By cryptographically binding these claims to verifiable platform attestations, we get verifiable proof that a specific AI agent, running specific code, in a specific environment, is acting on behalf of a specific user. The binding works by creating a cryptographic hash of the claims and including that hash in the data signed by the hardware attestor, for example, as part of the nonce or user data field in a TPM quote, or embedded in the attestation document from a Nitro Enclave. This ensures the claims cannot be forged or tampered with after the fact. This eliminates the bearer token problem entirely. Instead of carrying around secrets that can be stolen, the agent proves its legitimacy through cryptographic evidence that can’t be replicated.

Someone Needs to Issue and Manage Identity Discs

The architecture becomes elegant when you recognize that AI orchestrators should work like the I/O Tower in Tron, issuing identity discs and managing access to “the grid”.

The browser security model:

User logs into GitHub → Browser stores session cookie
Web page: "Create a PR" → Browser attaches GitHub session → API succeeds

The AI agent identity disc model:

User → Orchestrator → "Connect my GitHub, Slack, AWS accounts"
Agent → Orchestrator: "Create PR in repo X"  
Orchestrator → [validates agent disc + attaches user authorization] → GitHub API

The orchestrator becomes the identity disc issuer that validates agent legitimacy (cryptographic attestation), attaches user authorization (stored session tokens), and enforces mission-scoped permissions (policy engine).

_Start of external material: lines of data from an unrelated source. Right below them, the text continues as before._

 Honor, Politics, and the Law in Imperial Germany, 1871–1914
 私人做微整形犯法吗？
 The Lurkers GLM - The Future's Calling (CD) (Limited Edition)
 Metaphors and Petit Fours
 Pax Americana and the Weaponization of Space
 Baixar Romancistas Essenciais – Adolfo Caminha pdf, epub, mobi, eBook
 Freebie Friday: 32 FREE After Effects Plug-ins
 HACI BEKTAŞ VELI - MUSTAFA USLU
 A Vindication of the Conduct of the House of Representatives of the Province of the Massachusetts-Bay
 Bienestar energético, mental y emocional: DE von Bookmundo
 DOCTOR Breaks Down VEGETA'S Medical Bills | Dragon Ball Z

This solves a critical security gap. When AI agents use user credentials, they typically bypass MFA entirely. Organizations store long-lived tokens to avoid MFA friction. But if we’re securing users with MFA while leaving AI agents with static credentials, it’s like locking the front door but leaving the garage door open. And I use “garage door” intentionally because it’s often a bigger attack vector. Agent access is less monitored, more privileged, and much harder to track due to its ephemeral nature and speed of operation. An AI agent can make hundreds of API calls in seconds and disappear, making traditional monitoring approaches inadequate.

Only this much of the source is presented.